***** Stored data *****
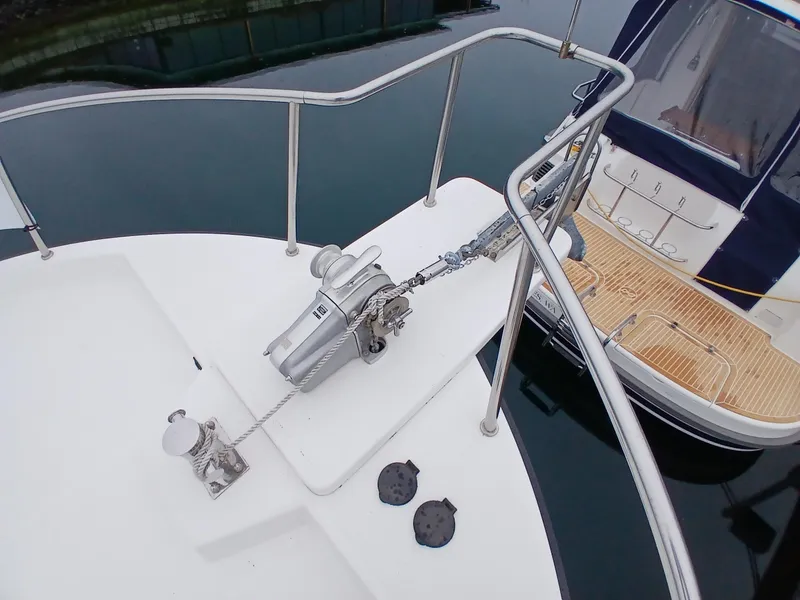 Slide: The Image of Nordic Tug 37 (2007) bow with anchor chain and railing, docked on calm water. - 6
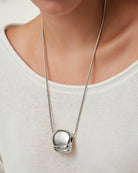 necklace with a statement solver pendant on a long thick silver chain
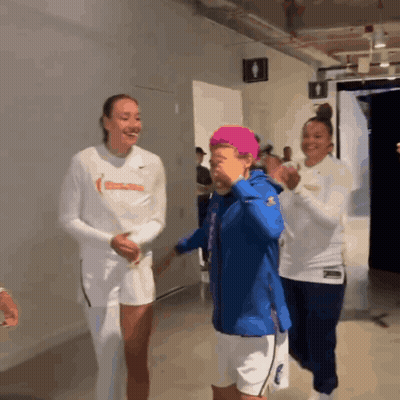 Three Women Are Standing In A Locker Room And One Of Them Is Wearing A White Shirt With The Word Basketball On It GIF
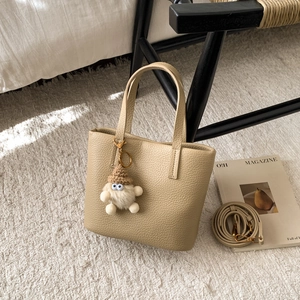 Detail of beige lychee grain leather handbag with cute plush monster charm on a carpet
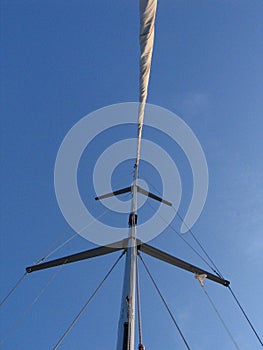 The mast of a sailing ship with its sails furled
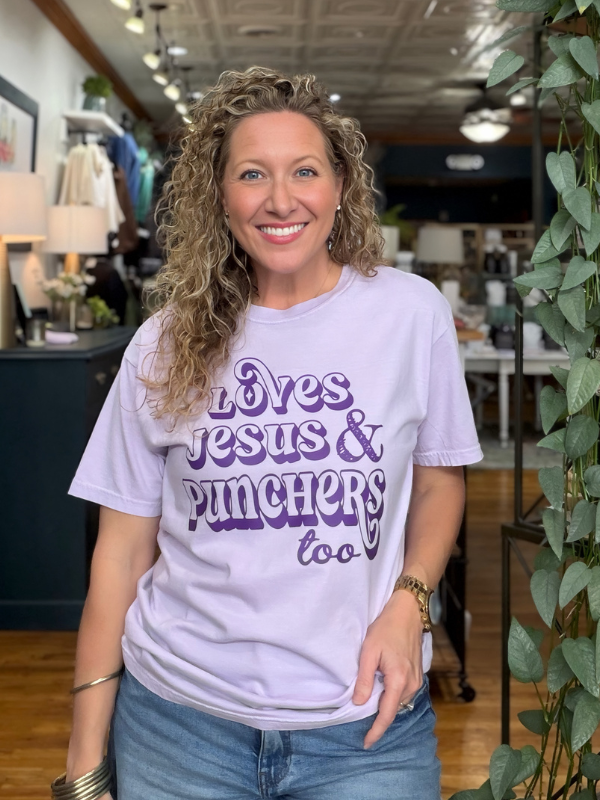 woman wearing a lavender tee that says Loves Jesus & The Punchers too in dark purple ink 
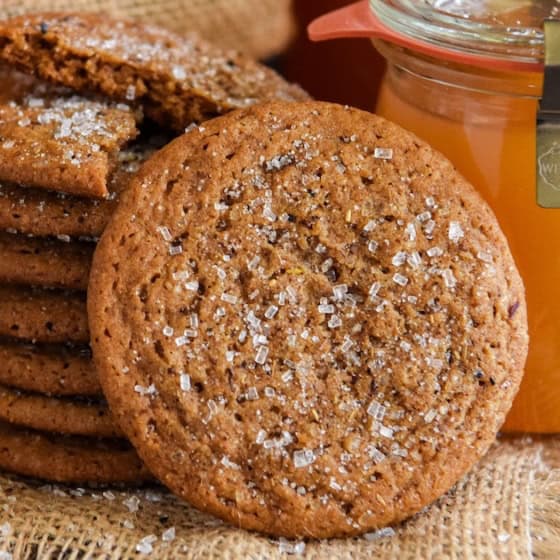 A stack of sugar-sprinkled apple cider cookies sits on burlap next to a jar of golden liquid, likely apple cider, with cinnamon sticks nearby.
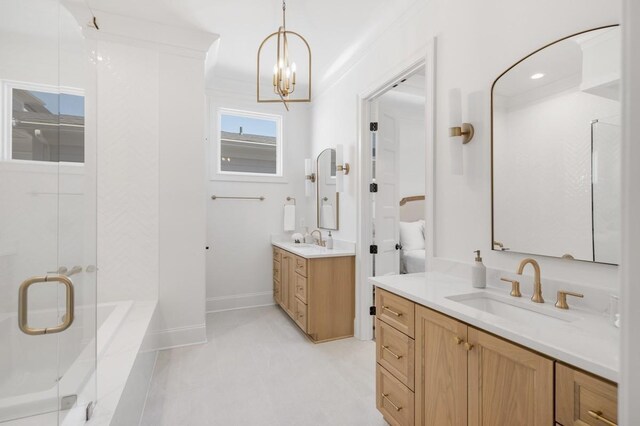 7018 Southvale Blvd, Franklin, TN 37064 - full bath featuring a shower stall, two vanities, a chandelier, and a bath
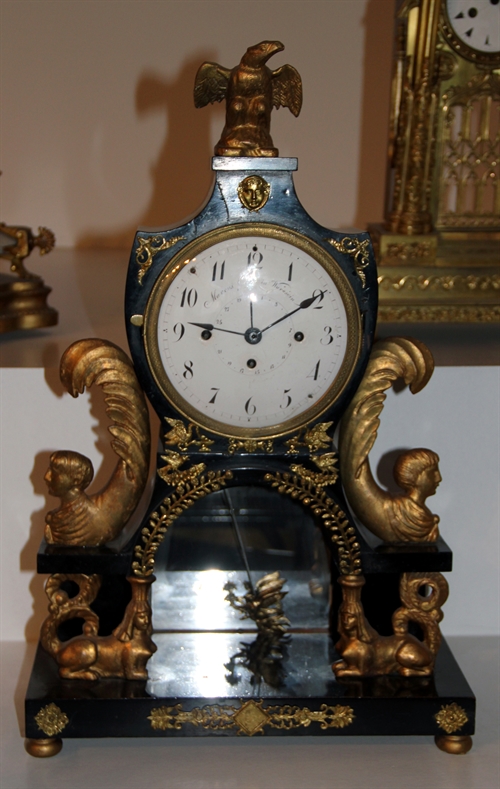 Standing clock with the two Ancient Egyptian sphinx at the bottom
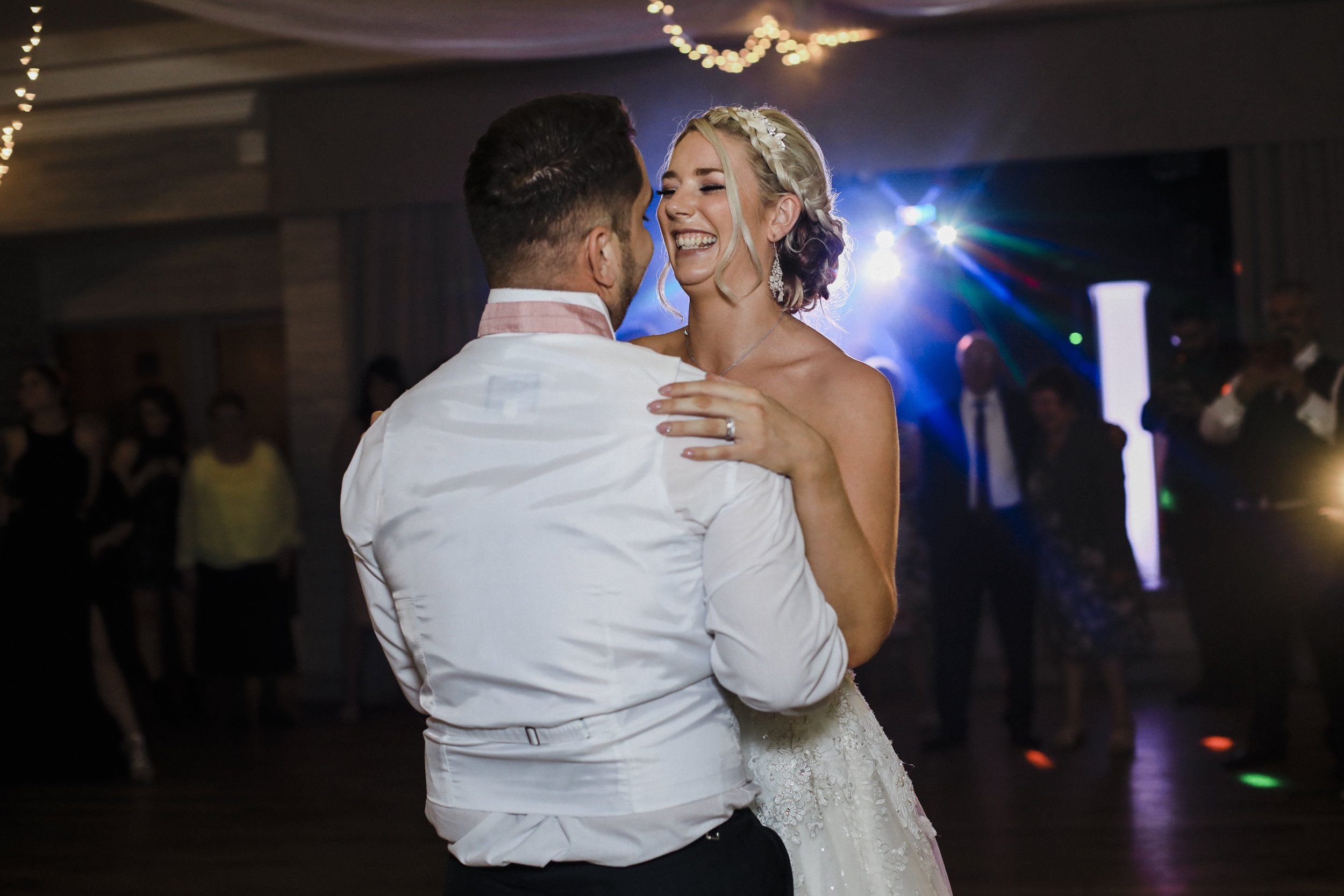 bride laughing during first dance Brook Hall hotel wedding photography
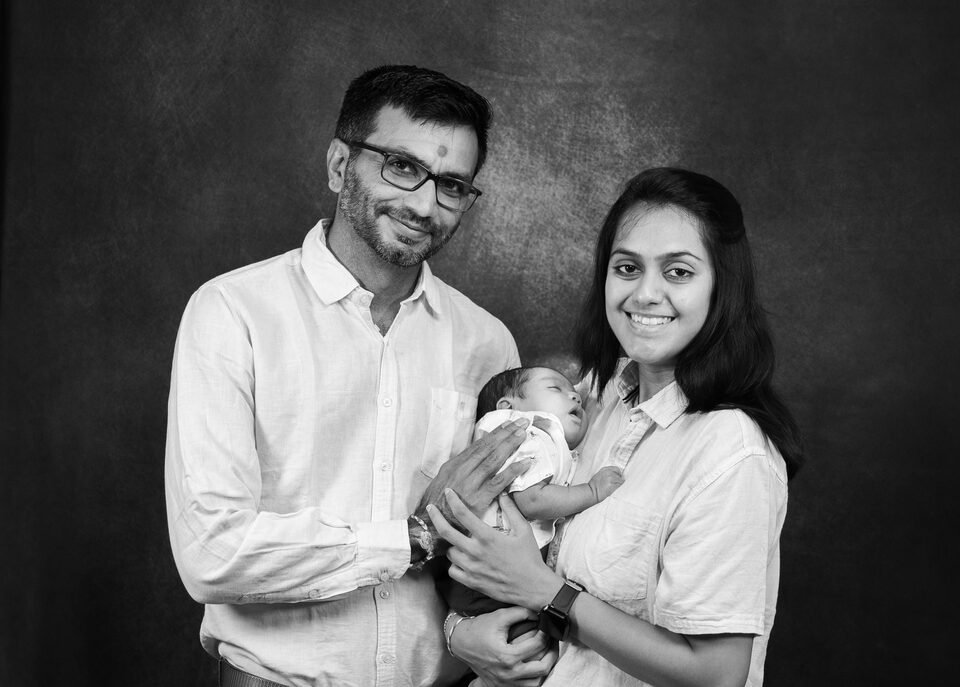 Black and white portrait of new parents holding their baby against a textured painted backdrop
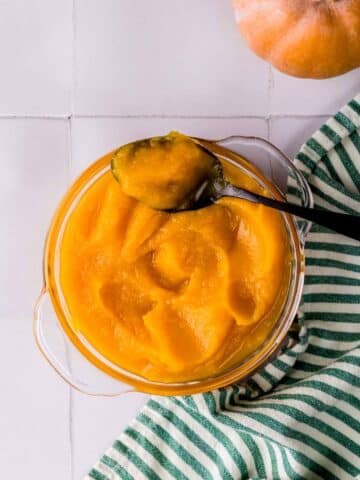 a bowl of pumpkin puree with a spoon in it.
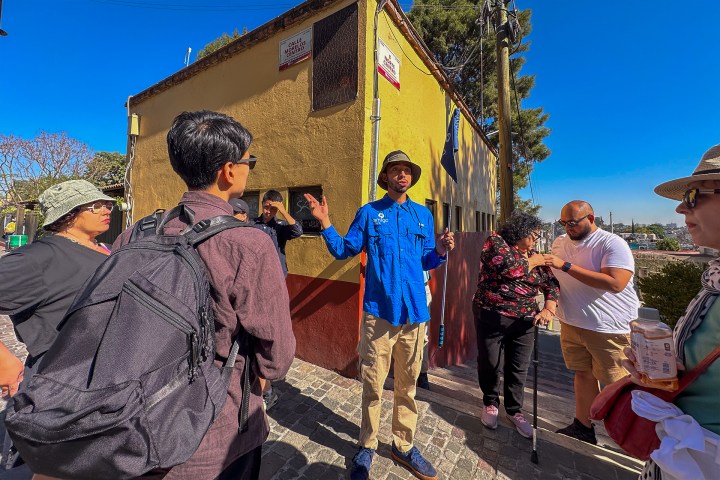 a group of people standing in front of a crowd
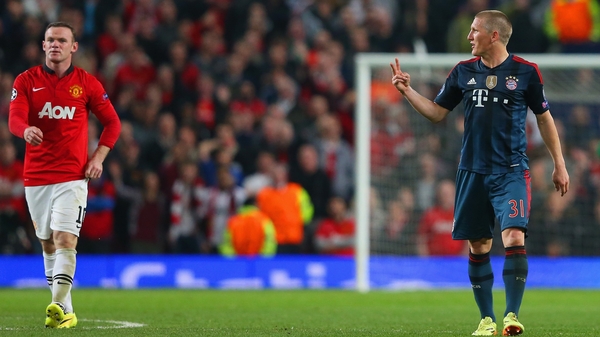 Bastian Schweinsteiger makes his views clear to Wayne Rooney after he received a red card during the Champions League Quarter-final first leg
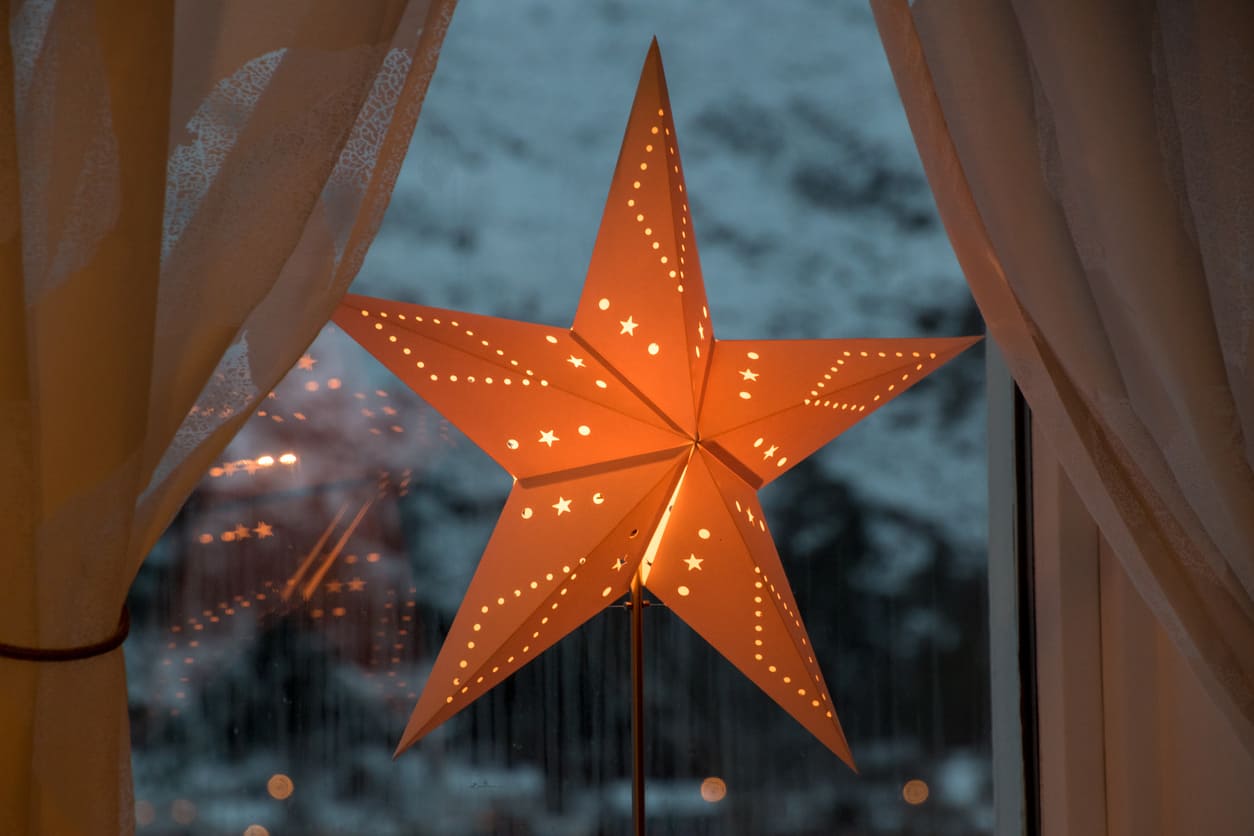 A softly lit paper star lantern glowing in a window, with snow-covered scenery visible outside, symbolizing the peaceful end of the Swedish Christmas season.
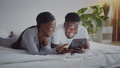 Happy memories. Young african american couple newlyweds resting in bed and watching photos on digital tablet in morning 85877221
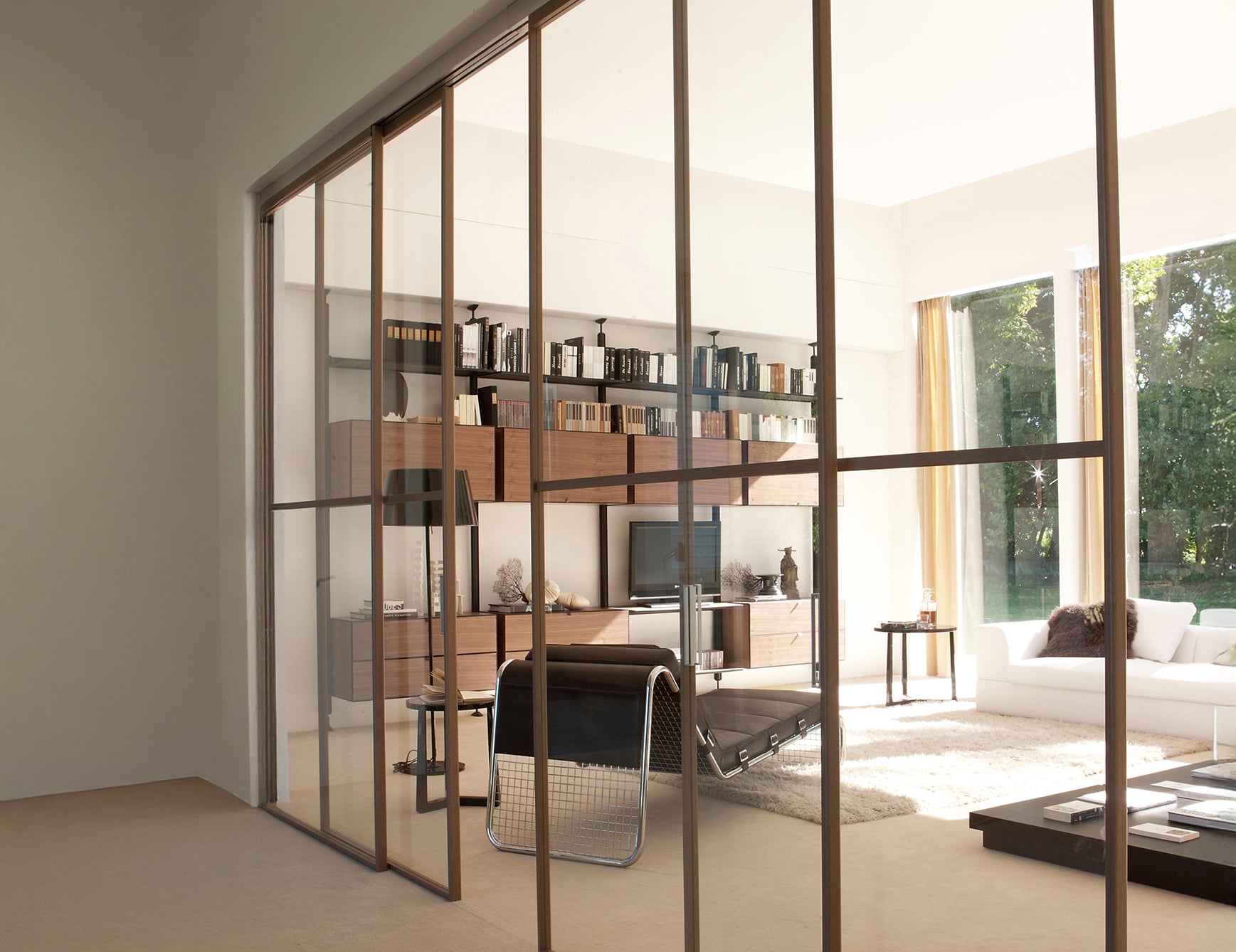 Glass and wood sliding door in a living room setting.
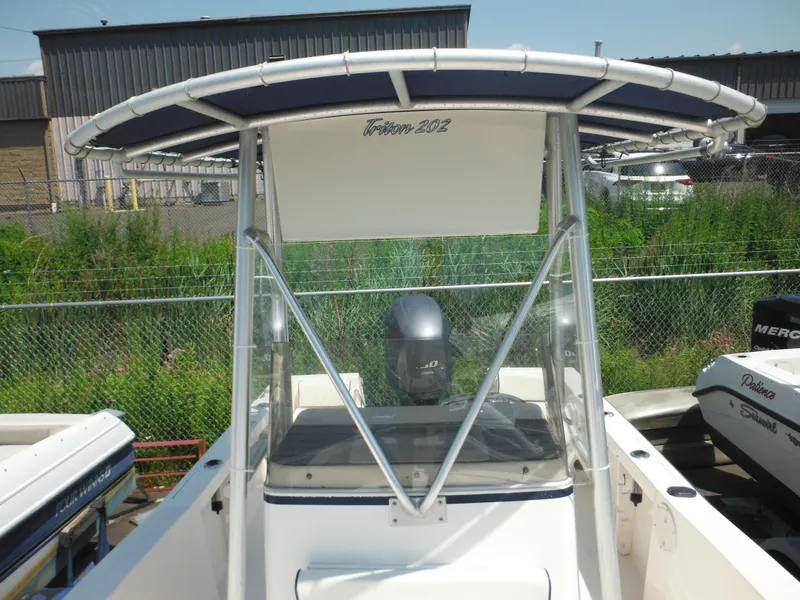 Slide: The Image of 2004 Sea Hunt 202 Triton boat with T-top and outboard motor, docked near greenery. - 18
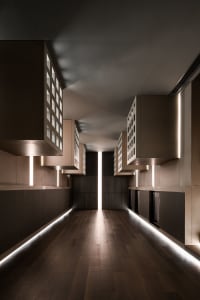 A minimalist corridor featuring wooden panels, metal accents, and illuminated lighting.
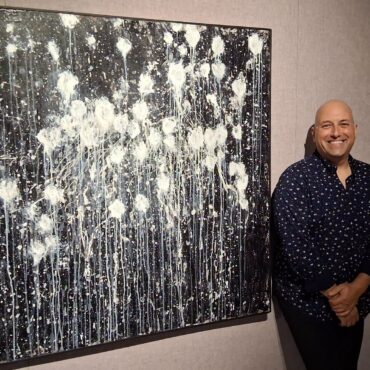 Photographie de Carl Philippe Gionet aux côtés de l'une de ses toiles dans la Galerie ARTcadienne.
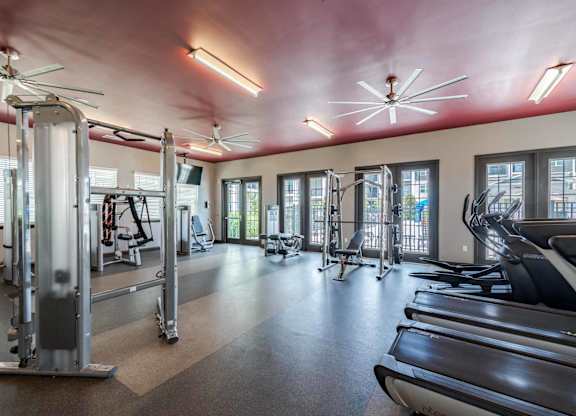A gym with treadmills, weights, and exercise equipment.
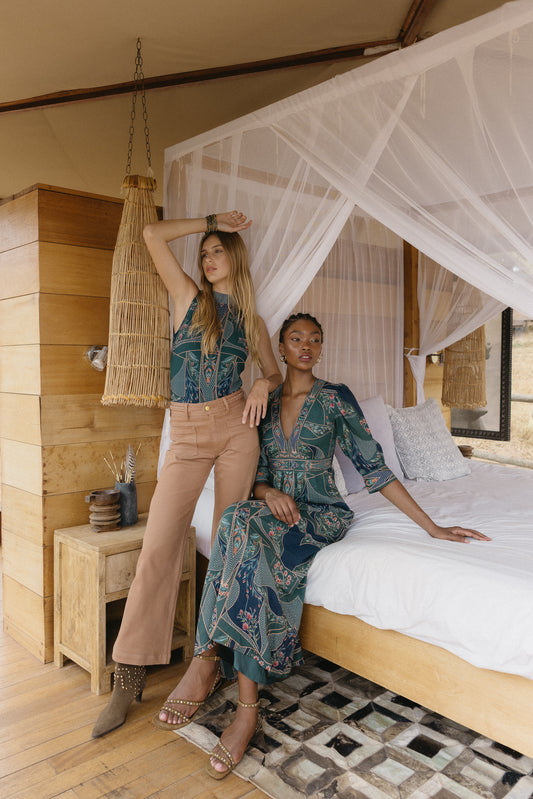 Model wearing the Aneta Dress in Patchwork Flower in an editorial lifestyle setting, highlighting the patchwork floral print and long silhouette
*****
▶ _What the exercise asks_
In the entries above, find the line with "Detail of beige" and the line with "A gym with treadmills, weights, and". Return exactly those lines and all the ones between them, pictures excluded.

▶ _Exercise answer_
 Detail of beige lychee grain leather handbag with cute plush monster charm on a carpet
 The mast of a sailing ship with its sails furled
 woman wearing a lavender tee that says Loves Jesus & The Punchers too in dark purple ink 
 A stack of sugar-sprinkled apple cider cookies sits on burlap next to a jar of golden liquid, likely apple cider, with cinnamon sticks nearby.
 7018 Southvale Blvd, Franklin, TN 37064 - full bath featuring a shower stall, two vanities, a chandelier, and a bath
 Standing clock with the two Ancient Egyptian sphinx at the bottom
 bride laughing during first dance Brook Hall hotel wedding photography
 Black and white portrait of new parents holding their baby against a textured painted backdrop
 a bowl of pumpkin puree with a spoon in it.
 a group of people standing in front of a crowd
 Bastian Schweinsteiger makes his views clear to Wayne Rooney after he received a red card during the Champions League Quarter-final first leg
 A softly lit paper star lantern glowing in a window, with snow-covered scenery visible outside, symbolizing the peaceful end of the Swedish Christmas season.
 Happy memories. Young african american couple newlyweds resting in bed and watching photos on digital tablet in morning 85877221
 Glass and wood sliding door in a living room setting.
 Slide: The Image of 2004 Sea Hunt 202 Triton boat with T-top and outboard motor, docked near greenery. - 18
 A minimalist corridor featuring wooden panels, metal accents, and illuminated lighting.
 Photographie de Carl Philippe Gionet aux côtés de l'une de ses toiles dans la Galerie ARTcadienne.
A gym with treadmills, weights, and exercise equipment.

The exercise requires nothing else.